(Saved entries)
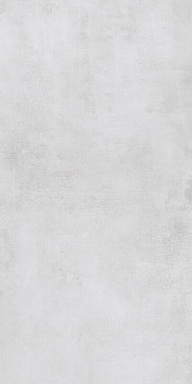Керамогранит Eurotile 900 Millennium Light 80х160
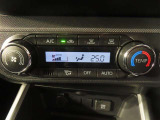 オートエアコン(プッシュ式)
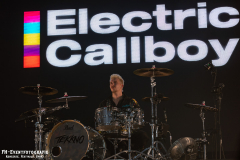 030224_ZAG_03_Electric_Callboy_052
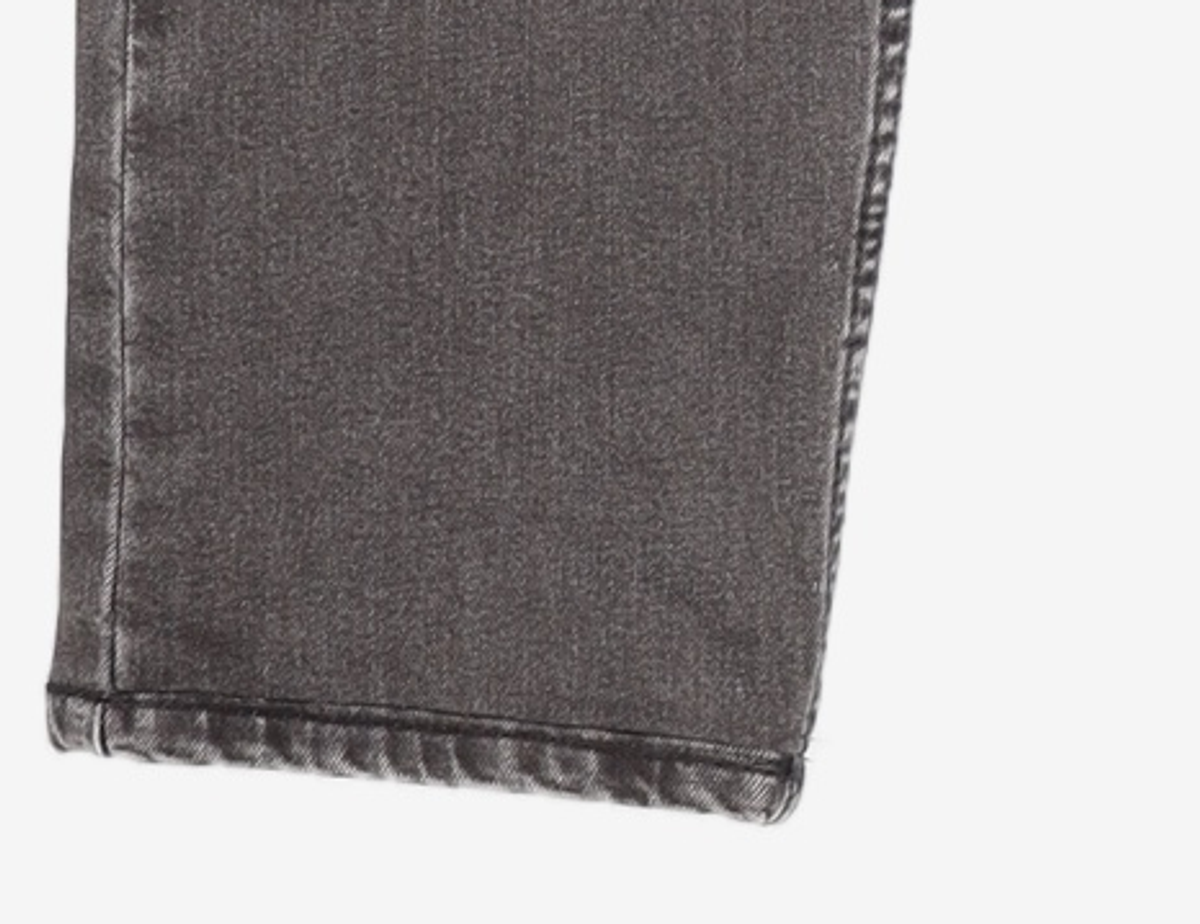 리바이스(LEVI'S) 청/데님 팬츠 86-102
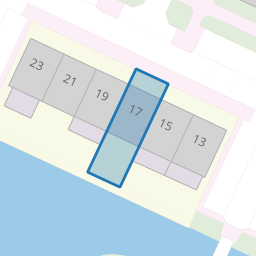 Perceel ASV00-O-9959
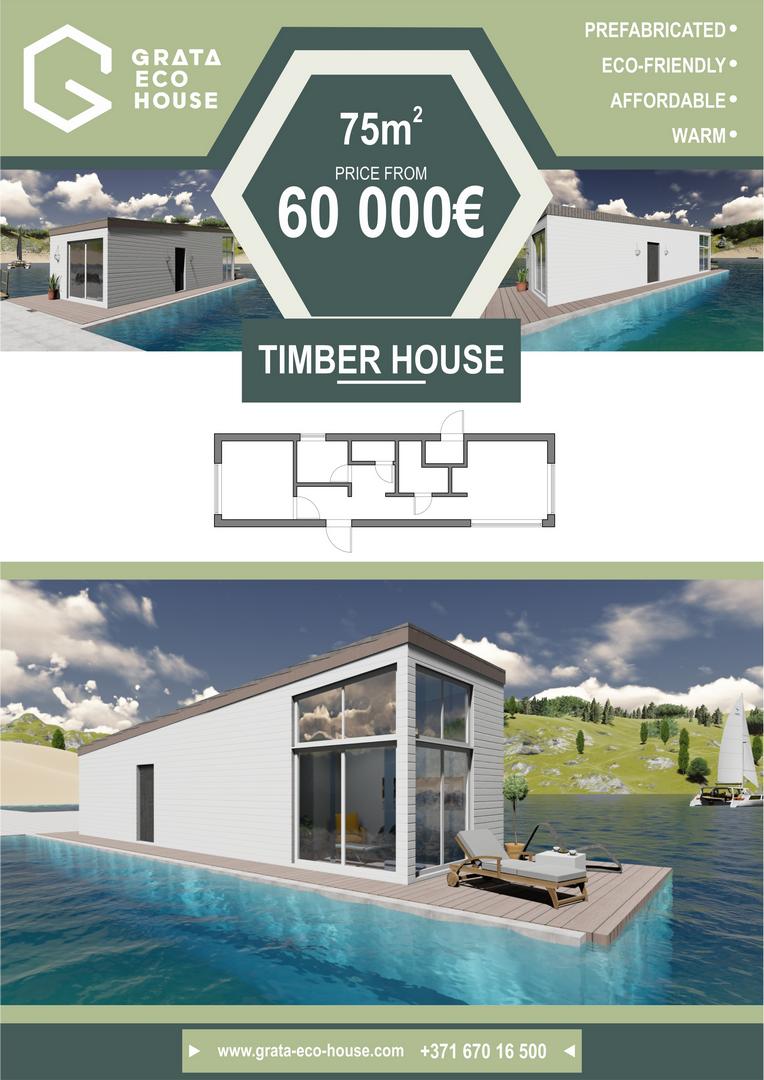 Click to enlarge image 1-floating-line-popup.jpg Click to enlarge image 1-floating-line-popup.jpg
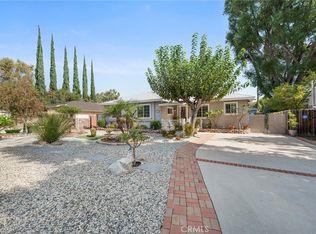 7106 Oakdale Ave, Winnetka, CA 91306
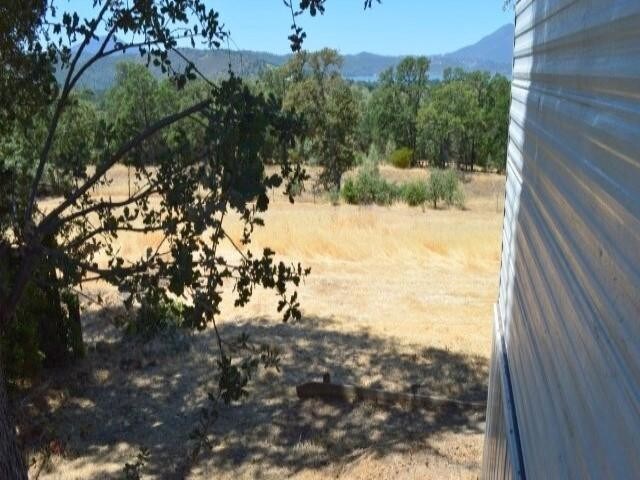 Building Photo - 2 bedroom in Clearlake CA 95422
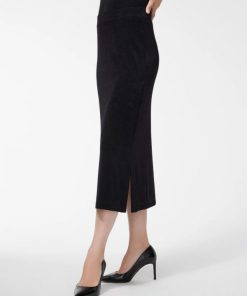 Heathergoods.shop034b139e6e 1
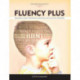 Fluency Plus: Managing Fluency Disorders in Individuals With Multiple Diagnoses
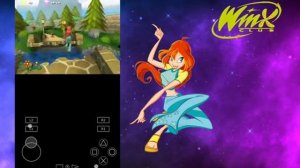 _.magic.winx_2025-04-09-06-31-20_1744151480464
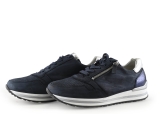Gabor Sneaker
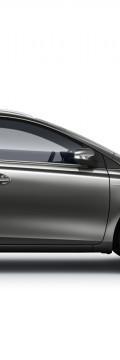 TOYOTA Auris Touring II Restyling Технічні характеристики
TOYOTA Auris Touring II Restyling Технічні характеристики
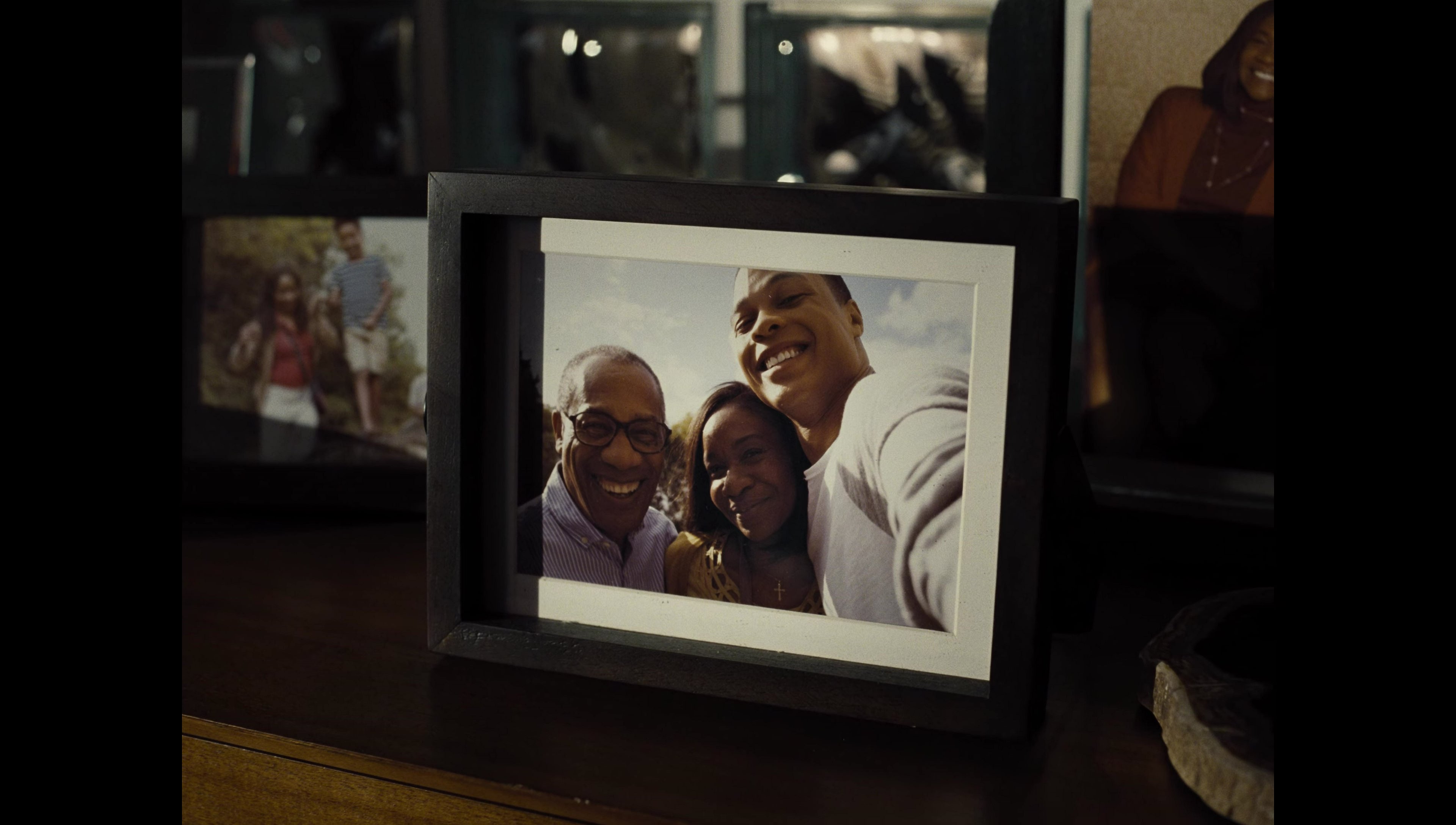 Zack Snyder’s Justice League (2021) HD screenshot 22835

■ **ABOUT THIS EXERCISE**
Drop the pictures; return the lines above from the line containing "리바이스(LEVI'S) 청/데님 팬츠 86-102" to the line containing "Heathergoods.shop034b139e6e 1", both included, exactly.

■ **WRITTEN REPLY**
 리바이스(LEVI'S) 청/데님 팬츠 86-102
 Perceel ASV00-O-9959
 Click to enlarge image 1-floating-line-popup.jpg Click to enlarge image 1-floating-line-popup.jpg
 7106 Oakdale Ave, Winnetka, CA 91306
 Building Photo - 2 bedroom in Clearlake CA 95422
 Heathergoods.shop034b139e6e 1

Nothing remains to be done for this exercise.